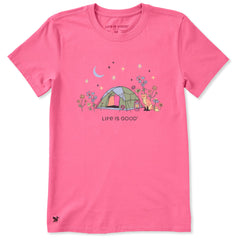 Women's Camping Fox Flowers Short Sleeve Crusher-LITE Tee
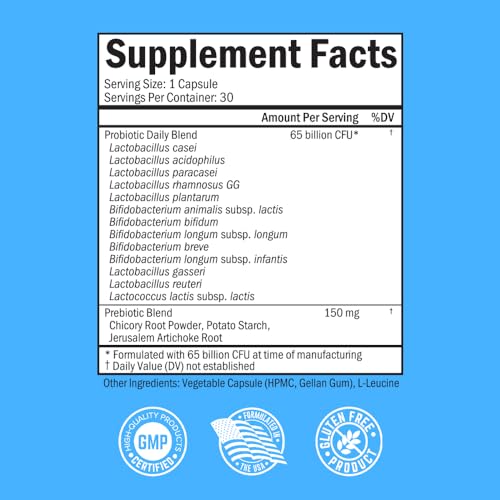 Probiotic 65 Billion - With Prebiotic for Women & Men | Digestive Health Capsules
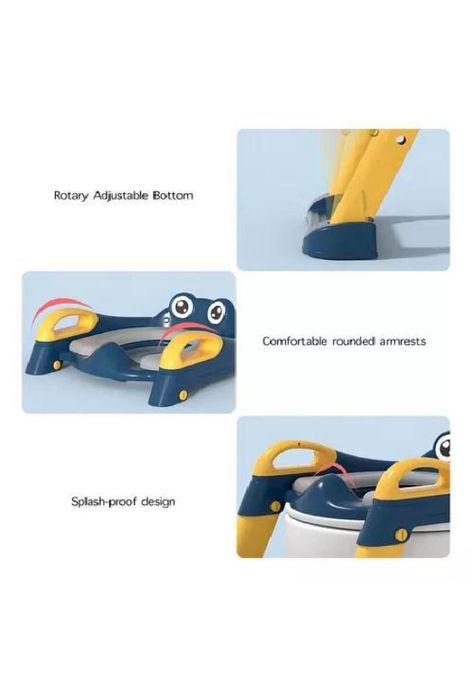 Escalera para Niños - Asiento Entrenador de Baño, Color Azul-3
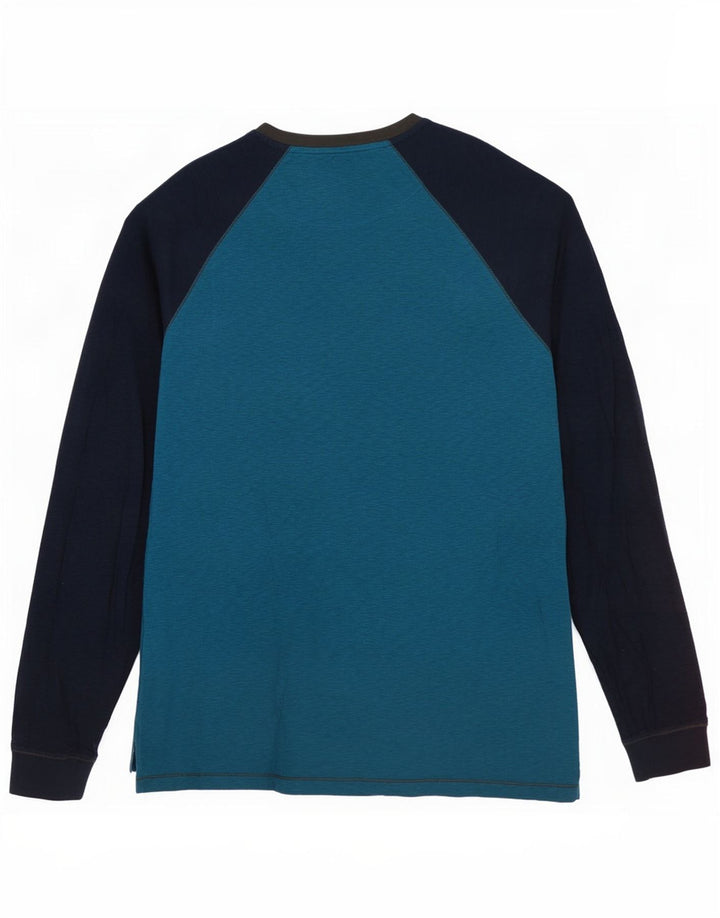 White Stuff Haut à manches longues pour hommes en coton color block bleu moyen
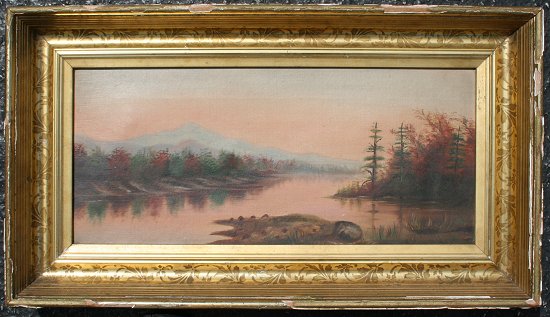 Appraisal: AMERICAN SCHOOL RIVER SCENE OIL C Measures '' x ''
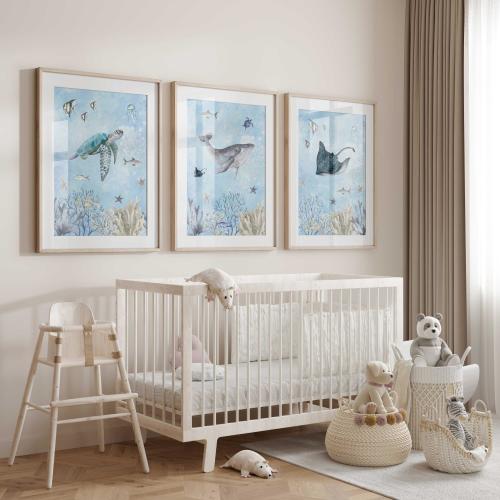 Sea Life Nursery Prints: Whale, Turtle, Stingray - Ocean Blue Decor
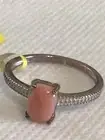 Oregon Peach Solitaire Opal(Sz6) TGW 0.65cts Setting—.925 Sterling Silver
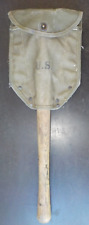Vtg US Wood Military Army Folding Shovel Entrenching Tool & Cover WWII WW2 picture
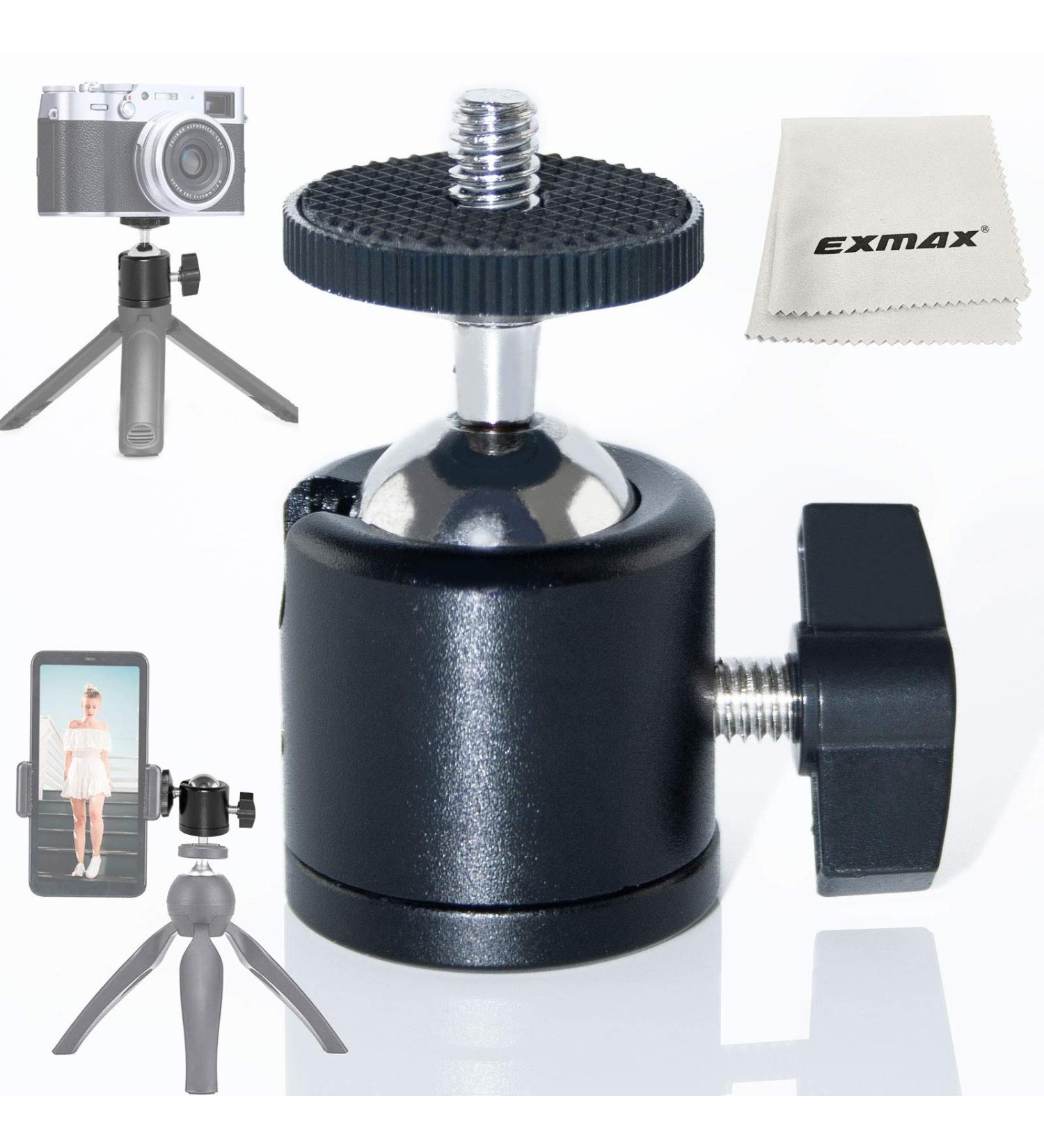 EXMAX 360 Swivel Mini Tripod Ball Head for DSLR Camera and Camcorder - Aluminum Alloy, 1/4 Screw Mount Base - Ideal for Hiking, HTC Vive - Black - Buy Online on GoSupps.com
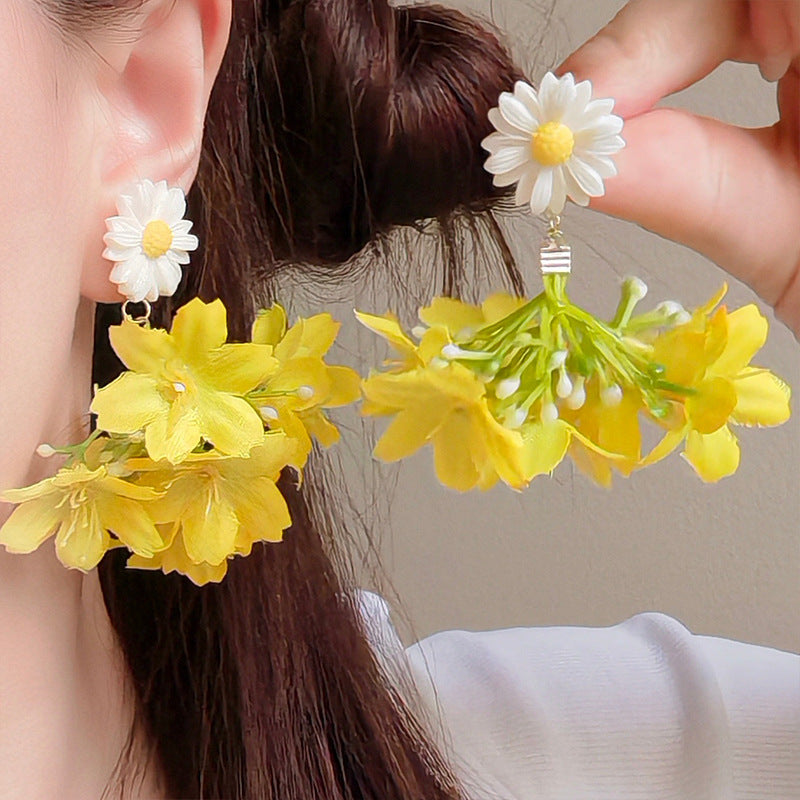 Mori Style Little Daisy Yellow Artificial Flower Fairy Gentle Pendants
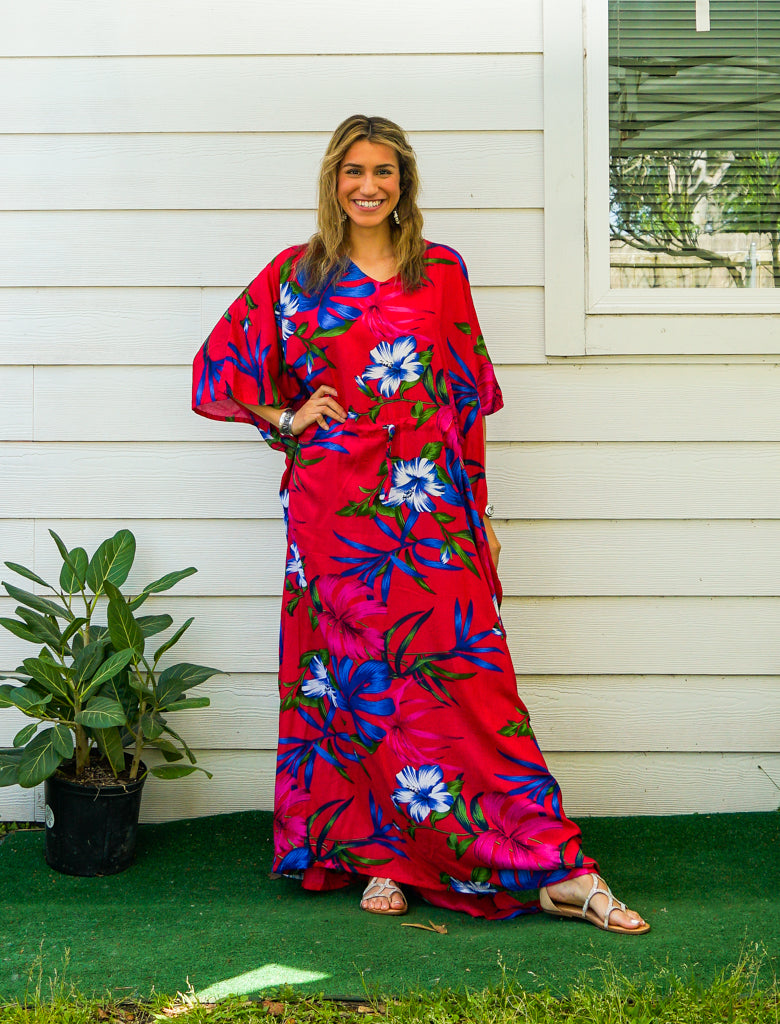 Dark Pink Hibiscus Kaftan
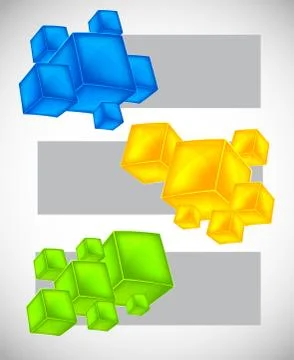 Set of banners with cubes Stock Illustration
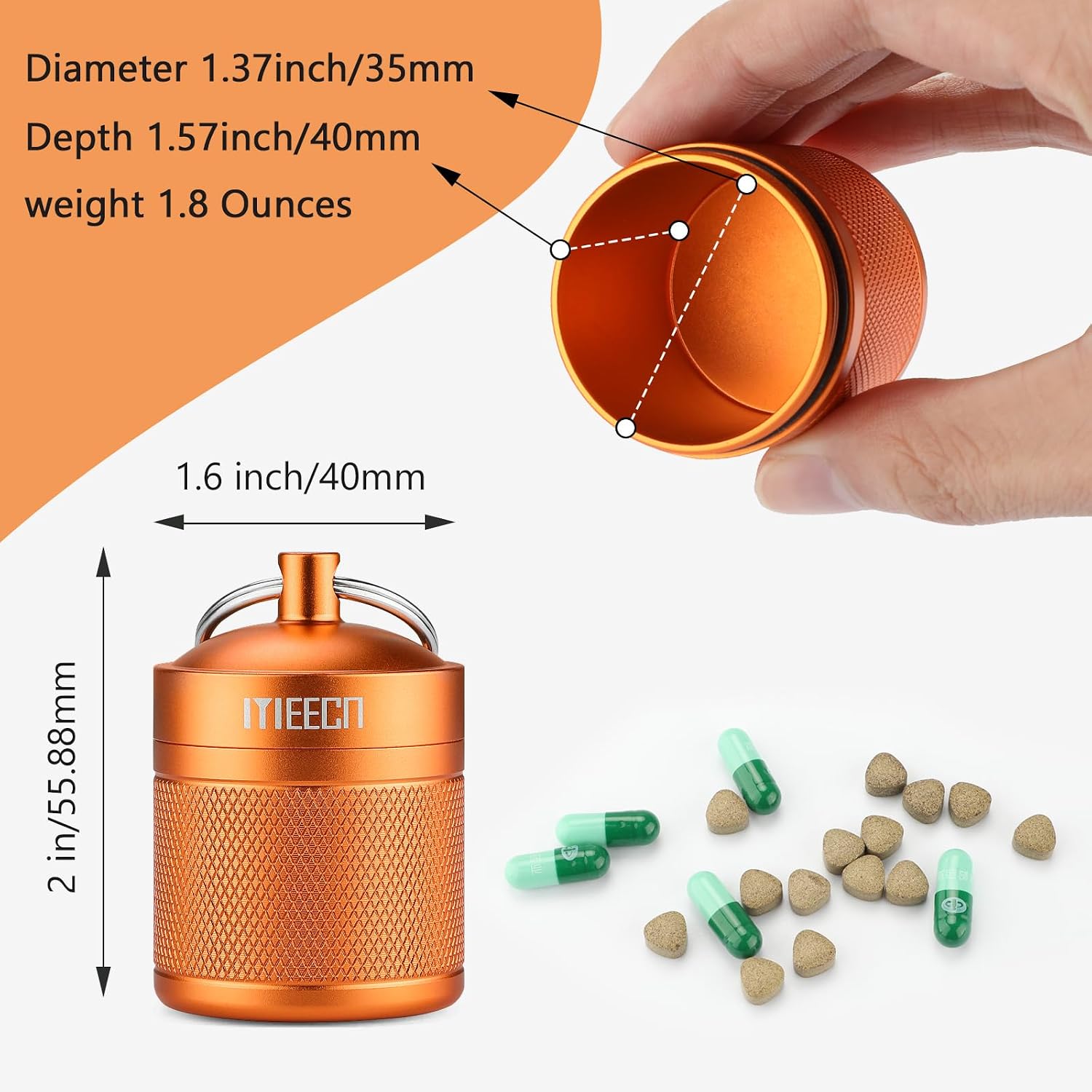 Keychain Pill Holder, Box, Aluminum, Waterproof Container, Pill Organizer for Outdoor Travel Camping, Size: 1.6 x 1.6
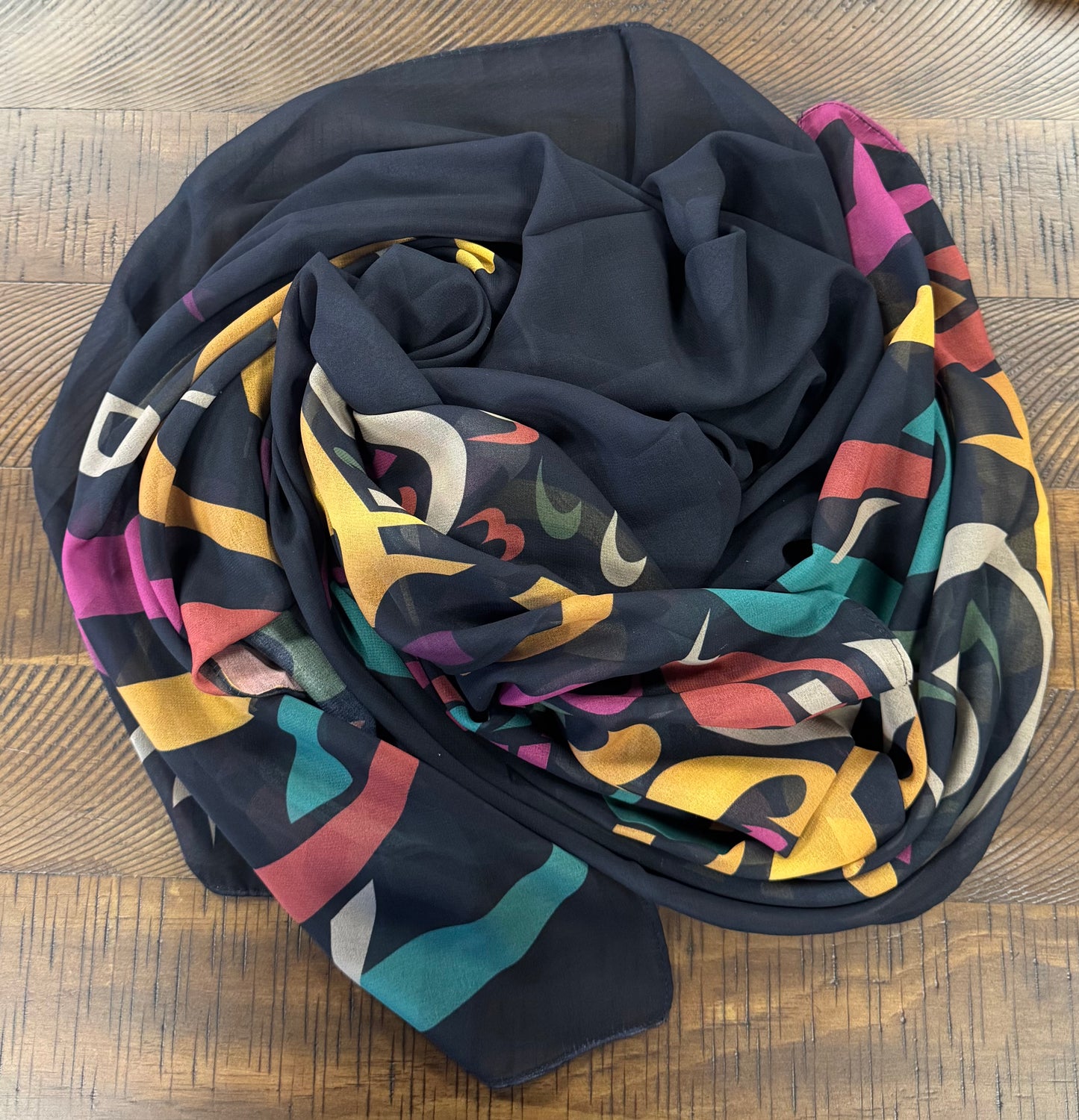Colorful Arabic Calligraphy Hijab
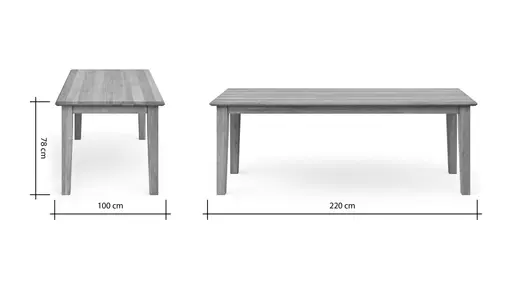 Esstisch Louisiana - LB ca. 220x100 cm, Wildeiche teilmassiv, geölt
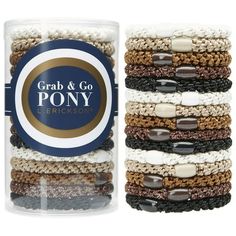 L. Erickson Grab & Go Ponytail Holders are must-have hair ties. Constructed of thick elastic accented with an ornamental oval bead, these hair bands are no crease and damage free. These hair ties are perfect for a simple ponytail and offer exceptional hold. Keep a few in your purse, desk, and car for a quick and comfortable on-the-go styling solution. Size: one size.  Color: Multicolor.  Gender: female.  Age Group: adult. Grab And Go Hair Ties, Best Hair Ties, Hair Accessories Ponytail, Toddler Girl Toys, Bday List, Banana Clip, Simple Ponytails, Cocktail Kits, Perfume Gift Sets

- _Your objective_
What is needed here is an exact repetition of the listing above, pictures excluded.

- _Task result_
 Women's Camping Fox Flowers Short Sleeve Crusher-LITE Tee
 Probiotic 65 Billion - With Prebiotic for Women & Men | Digestive Health Capsules
 Escalera para Niños - Asiento Entrenador de Baño, Color Azul-3
 White Stuff Haut à manches longues pour hommes en coton color block bleu moyen
 Appraisal: AMERICAN SCHOOL RIVER SCENE OIL C Measures '' x ''
 Sea Life Nursery Prints: Whale, Turtle, Stingray - Ocean Blue Decor
 Oregon Peach Solitaire Opal(Sz6) TGW 0.65cts Setting—.925 Sterling Silver
Vtg US Wood Military Army Folding Shovel Entrenching Tool & Cover WWII WW2 picture
 EXMAX 360 Swivel Mini Tripod Ball Head for DSLR Camera and Camcorder - Aluminum Alloy, 1/4 Screw Mount Base - Ideal for Hiking, HTC Vive - Black - Buy Online on GoSupps.com
 Mori Style Little Daisy Yellow Artificial Flower Fairy Gentle Pendants
 Dark Pink Hibiscus Kaftan
 Set of banners with cubes Stock Illustration
 Keychain Pill Holder, Box, Aluminum, Waterproof Container, Pill Organizer for Outdoor Travel Camping, Size: 1.6 x 1.6
Colorful Arabic Calligraphy Hijab
 Esstisch Louisiana - LB ca. 220x100 cm, Wildeiche teilmassiv, geölt
 L. Erickson Grab & Go Ponytail Holders are must-have hair ties. Constructed of thick elastic accented with an ornamental oval bead, these hair bands are no crease and damage free. These hair ties are perfect for a simple ponytail and offer exceptional hold. Keep a few in your purse, desk, and car for a quick and comfortable on-the-go styling solution. Size: one size.  Color: Multicolor.  Gender: female.  Age Group: adult. Grab And Go Hair Ties, Best Hair Ties, Hair Accessories Ponytail, Toddler Girl Toys, Bday List, Banana Clip, Simple Ponytails, Cocktail Kits, Perfume Gift Sets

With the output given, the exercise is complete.